To learn about how to effectively protect your oral health and prevent the disease that affect it, keep reading.

1) Protect Your Oral Health

Brushing your teeth twice a day, flossing at least once a day, and eating healthy foods are all important for maintaining your oral health. But to bring life to your smile, take extra precautions by scheduling regular dental checkups. Also replace your toothbrush every three months or sooner, and avoiding the use of tobacco products.

Your dental hygienist and dentist are the experts on your teeth, so always follow their advice. Without these proper procedures for oral health, however, bacteria in the mouth can lead to bad oral infections like gum disease or tooth decay.

2) Diseases Worsened by Bad Oral Health

If you have certain diseases or conditions, it is essential to take good care of your teeth and gums. Endocarditis is an infection of the inner linings of your heart, and usually occurs when bacteria is spread from the mouth. If you don't rid yourself of harmful oral bacteria, it will enter the bloodstream and can affect you in many negative ways.

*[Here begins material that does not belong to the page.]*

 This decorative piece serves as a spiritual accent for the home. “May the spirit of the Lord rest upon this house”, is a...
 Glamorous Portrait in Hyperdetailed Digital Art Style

Cardiovascular diseases like heart disease, clogged arteries, and stroke have a connection to oral bacteria. Oral bacteria causes inflammations and infections that are strongly linked to these conditions. Because of the mouth's direct link to the respiratory system, your mouth can certainly draw bacteria in your lungs, causing pneumonia. Other respiratory diseases can also form from bad oral health, like COPD (Chronic Obstructive Pulmonary Disease).

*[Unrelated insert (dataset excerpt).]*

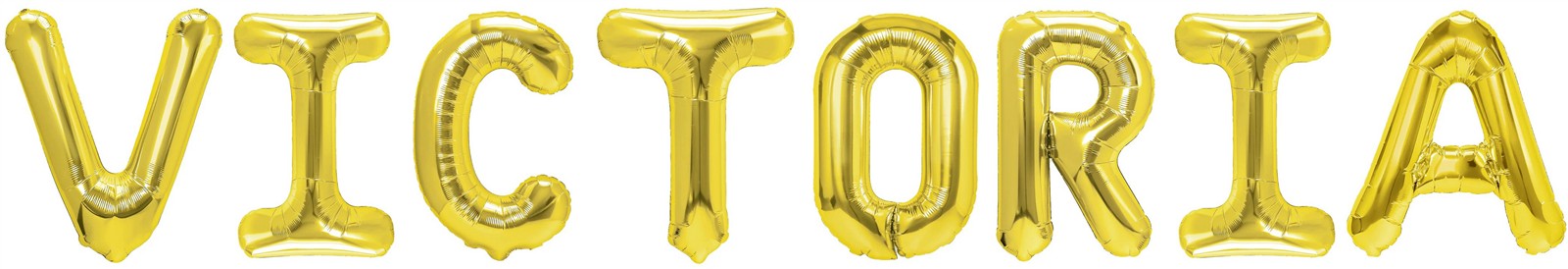 Folienballon Schriftzug weibliche Namen (Victoria) 35cm Höhe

3) Diseases Affecting Your Oral Health

If you have certain conditions, they can put a strain on your oral health:

  • Diabetes is one of the most common, since it reduces your body's responses to infection and puts your gums at risk. Among people who have diabetes, gum disease is much more frequent. Maintaining your periodontal health, however, can control diabetes.
  • HIV/AIDs can cause extremely painful oral lesions in the mouth. These wounds can be very common to those afflicted by this condition, so these patients may need a more hands-on approach for their dental care routine.
  • Those with Alzheimer's disease will suffer from a decrease in oral health as a result of their illness. As the disease progresses, the oral health of the patient can become severe and may cause other dental and general health concerns.
  • Osteoporosis can cause many issues for the periodontal system, since the bone-weakening disease is connected to tooth loss and periodontal bone loss. Also, certain drugs used to treat this condition carry the risk of causing damage to the teeth and other bones in the jaw.

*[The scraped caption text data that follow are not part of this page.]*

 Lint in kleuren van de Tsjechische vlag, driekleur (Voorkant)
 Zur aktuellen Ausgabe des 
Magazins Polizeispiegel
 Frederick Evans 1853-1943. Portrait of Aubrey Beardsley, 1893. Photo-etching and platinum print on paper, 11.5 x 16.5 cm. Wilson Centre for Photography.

Be Proactive About Your Teeth

Whenever you visit the dentist, it is important to tell them if there are any changes in the medications you take. Also mention any changes in your overall health, since these may cause problems you might not expect.

Chronic conditions like diabetes and rheumatoid arthritis do link to oral health, so make sure your dental health professionals have your detailed medical history. Remember that taking care of your dental health is an investment into your general health, so make sure you are not missing any dentist appointments!